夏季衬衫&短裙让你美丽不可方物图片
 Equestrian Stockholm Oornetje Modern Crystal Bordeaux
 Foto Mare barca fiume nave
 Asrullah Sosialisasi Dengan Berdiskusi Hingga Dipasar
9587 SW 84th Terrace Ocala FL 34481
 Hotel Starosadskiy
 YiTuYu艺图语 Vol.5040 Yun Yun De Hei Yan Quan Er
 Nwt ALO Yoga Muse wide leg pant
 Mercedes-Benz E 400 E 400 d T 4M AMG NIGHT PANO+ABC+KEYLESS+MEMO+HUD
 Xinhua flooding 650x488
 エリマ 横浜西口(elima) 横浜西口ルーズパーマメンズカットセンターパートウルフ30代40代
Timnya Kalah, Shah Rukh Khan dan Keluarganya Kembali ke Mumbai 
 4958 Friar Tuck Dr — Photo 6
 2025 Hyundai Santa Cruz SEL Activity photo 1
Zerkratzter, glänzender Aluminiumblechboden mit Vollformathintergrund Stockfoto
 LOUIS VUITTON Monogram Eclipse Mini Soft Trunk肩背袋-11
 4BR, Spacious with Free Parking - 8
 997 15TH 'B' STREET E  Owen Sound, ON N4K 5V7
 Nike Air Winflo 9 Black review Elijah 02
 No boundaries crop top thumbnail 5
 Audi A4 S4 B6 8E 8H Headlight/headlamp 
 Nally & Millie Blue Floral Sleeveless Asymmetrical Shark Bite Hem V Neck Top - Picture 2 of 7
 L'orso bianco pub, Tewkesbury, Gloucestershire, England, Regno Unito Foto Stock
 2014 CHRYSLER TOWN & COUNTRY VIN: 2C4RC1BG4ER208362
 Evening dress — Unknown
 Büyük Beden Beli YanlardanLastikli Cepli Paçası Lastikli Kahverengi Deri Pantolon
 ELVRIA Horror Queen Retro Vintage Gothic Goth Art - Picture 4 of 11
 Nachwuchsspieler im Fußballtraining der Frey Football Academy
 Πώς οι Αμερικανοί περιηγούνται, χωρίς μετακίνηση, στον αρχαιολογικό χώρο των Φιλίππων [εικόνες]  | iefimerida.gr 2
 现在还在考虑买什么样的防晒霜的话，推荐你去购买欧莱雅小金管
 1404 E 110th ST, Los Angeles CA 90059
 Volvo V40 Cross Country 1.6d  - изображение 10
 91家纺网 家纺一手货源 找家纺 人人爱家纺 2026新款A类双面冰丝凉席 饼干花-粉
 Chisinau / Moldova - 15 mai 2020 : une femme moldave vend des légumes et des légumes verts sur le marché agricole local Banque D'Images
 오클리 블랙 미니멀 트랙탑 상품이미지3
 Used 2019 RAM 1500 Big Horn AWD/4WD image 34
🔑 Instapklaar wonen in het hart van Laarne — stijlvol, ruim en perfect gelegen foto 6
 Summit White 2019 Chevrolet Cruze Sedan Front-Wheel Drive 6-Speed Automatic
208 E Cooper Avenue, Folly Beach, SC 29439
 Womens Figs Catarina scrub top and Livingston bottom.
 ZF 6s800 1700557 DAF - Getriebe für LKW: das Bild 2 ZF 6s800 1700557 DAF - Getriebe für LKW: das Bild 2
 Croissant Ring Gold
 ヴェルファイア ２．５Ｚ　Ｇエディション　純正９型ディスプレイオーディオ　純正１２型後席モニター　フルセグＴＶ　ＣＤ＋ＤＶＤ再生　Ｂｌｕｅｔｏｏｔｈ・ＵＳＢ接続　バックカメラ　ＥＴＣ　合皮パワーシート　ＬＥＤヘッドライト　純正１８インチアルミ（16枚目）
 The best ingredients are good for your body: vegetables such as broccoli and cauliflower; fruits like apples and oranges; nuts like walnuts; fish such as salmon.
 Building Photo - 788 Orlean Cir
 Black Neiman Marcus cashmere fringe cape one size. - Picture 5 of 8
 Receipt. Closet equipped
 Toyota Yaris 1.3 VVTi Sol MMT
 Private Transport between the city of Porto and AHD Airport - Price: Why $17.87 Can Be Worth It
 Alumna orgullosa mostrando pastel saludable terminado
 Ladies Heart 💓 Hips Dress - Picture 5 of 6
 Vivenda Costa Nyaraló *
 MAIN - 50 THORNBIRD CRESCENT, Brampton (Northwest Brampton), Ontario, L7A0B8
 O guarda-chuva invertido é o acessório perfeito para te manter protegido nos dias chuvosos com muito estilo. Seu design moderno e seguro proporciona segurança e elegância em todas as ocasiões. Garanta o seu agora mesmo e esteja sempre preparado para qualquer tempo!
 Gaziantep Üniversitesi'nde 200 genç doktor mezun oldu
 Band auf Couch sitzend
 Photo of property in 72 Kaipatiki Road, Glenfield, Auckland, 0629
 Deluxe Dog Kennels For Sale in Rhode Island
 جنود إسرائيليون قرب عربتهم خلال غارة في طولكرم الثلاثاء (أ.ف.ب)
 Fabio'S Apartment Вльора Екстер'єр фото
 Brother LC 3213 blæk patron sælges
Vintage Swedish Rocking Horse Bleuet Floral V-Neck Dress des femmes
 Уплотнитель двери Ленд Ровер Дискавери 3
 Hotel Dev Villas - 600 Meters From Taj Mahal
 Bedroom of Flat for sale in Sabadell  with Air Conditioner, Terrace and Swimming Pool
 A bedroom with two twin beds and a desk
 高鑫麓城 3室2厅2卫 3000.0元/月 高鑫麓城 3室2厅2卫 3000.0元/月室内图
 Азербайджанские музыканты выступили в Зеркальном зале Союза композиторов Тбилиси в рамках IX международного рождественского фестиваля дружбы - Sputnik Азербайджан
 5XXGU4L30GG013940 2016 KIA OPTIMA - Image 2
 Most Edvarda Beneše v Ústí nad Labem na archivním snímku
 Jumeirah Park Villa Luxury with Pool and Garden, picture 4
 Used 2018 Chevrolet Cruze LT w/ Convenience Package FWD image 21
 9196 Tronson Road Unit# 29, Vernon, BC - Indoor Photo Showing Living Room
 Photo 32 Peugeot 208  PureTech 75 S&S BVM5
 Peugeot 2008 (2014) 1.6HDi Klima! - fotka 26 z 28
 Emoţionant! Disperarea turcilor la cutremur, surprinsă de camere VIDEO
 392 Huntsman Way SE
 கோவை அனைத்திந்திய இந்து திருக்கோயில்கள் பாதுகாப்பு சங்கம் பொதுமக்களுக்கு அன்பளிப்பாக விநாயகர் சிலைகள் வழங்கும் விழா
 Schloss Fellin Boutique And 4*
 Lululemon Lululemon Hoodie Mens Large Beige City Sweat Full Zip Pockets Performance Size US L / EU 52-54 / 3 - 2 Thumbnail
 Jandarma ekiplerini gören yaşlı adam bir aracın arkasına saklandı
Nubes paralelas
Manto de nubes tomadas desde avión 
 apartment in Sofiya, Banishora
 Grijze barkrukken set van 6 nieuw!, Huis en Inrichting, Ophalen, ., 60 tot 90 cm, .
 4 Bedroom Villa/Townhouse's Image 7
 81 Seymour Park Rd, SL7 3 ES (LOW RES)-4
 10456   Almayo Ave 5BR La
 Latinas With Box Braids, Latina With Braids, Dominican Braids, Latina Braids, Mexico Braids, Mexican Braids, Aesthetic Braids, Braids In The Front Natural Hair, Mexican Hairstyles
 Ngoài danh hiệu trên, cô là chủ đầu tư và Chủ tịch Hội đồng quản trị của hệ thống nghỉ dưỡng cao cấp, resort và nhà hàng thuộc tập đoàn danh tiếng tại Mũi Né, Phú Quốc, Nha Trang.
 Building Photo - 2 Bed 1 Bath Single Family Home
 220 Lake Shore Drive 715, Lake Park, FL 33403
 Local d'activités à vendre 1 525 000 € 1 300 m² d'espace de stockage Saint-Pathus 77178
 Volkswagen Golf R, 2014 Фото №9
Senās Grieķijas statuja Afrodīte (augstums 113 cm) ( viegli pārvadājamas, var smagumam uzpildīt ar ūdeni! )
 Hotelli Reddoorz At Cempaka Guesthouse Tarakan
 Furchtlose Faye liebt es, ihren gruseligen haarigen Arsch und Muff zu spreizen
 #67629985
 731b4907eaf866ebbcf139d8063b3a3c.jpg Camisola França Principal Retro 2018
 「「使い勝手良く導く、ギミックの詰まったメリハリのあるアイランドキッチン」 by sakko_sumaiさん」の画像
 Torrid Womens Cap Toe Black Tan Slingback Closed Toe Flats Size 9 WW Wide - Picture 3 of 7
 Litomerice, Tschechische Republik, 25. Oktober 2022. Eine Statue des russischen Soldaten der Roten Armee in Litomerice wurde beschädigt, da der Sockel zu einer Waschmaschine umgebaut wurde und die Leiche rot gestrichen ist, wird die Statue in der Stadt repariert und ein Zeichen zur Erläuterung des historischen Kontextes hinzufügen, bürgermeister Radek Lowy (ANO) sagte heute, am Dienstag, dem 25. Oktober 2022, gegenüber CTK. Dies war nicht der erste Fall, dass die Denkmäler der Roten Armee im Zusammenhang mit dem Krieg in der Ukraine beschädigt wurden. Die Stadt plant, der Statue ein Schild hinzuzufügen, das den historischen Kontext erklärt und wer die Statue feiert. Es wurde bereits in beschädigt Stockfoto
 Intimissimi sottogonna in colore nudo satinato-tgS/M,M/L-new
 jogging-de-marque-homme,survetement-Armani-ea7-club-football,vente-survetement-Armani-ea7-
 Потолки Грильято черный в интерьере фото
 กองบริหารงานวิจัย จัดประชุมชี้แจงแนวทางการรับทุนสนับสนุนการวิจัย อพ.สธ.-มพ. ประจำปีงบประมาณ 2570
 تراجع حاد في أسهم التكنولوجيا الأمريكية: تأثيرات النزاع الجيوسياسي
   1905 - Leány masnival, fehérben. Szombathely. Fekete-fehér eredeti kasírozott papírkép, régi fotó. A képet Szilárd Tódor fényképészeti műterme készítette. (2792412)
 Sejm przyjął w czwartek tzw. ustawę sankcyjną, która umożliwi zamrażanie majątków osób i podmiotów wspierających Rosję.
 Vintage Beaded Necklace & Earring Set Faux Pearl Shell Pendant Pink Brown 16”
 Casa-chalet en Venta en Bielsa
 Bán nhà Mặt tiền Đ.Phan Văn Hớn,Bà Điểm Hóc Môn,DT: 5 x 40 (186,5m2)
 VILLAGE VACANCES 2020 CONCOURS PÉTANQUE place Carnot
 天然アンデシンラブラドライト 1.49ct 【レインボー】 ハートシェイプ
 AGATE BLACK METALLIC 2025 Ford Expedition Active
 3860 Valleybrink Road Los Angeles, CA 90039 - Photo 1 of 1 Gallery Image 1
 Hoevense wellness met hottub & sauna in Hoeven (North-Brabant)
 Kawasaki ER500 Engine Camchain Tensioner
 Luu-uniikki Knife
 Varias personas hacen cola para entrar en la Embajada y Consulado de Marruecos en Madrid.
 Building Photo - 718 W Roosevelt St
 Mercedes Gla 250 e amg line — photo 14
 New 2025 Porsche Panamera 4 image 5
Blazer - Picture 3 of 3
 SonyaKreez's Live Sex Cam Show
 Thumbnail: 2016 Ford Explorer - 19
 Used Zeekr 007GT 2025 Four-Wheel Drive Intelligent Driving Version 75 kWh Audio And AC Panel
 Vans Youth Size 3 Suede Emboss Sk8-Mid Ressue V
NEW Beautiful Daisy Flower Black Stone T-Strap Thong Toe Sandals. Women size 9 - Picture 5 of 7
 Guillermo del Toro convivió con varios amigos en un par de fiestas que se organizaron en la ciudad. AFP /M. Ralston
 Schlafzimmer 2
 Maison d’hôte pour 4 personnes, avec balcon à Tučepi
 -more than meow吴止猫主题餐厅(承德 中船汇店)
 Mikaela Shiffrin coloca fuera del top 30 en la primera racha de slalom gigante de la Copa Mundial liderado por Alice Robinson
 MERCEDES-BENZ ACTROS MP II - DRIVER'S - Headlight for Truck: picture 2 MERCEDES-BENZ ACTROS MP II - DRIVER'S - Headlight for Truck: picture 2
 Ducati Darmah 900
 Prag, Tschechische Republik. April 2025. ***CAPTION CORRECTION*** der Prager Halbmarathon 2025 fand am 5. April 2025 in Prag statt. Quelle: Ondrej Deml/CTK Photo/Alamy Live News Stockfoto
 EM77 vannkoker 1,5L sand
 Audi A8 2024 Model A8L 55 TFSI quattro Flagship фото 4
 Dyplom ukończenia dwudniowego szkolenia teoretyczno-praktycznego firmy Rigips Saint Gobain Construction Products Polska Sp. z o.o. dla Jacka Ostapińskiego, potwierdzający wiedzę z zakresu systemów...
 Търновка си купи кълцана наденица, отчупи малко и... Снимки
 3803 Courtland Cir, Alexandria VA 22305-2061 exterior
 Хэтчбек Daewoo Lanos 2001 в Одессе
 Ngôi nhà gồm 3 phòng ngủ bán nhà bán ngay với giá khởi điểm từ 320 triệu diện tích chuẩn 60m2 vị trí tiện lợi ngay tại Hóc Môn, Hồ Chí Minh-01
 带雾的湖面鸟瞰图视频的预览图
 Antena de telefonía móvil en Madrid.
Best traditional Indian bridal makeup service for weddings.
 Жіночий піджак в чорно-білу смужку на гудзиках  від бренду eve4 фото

> **YOUR TASK**
Above are the records; repeat exactly the lines from the one holding "Croissant Ring Gold" down to the one holding "ヴェルファイア ２．５Ｚ　Ｇ", end lines included.

> **THE COMPLETED TASK**
 Croissant Ring Gold
 ヴェルファイア ２．５Ｚ　Ｇエディション　純正９型ディスプレイオーディオ　純正１２型後席モニター　フルセグＴＶ　ＣＤ＋ＤＶＤ再生　Ｂｌｕｅｔｏｏｔｈ・ＵＳＢ接続　バックカメラ　ＥＴＣ　合皮パワーシート　ＬＥＤヘッドライト　純正１８インチアルミ（16枚目）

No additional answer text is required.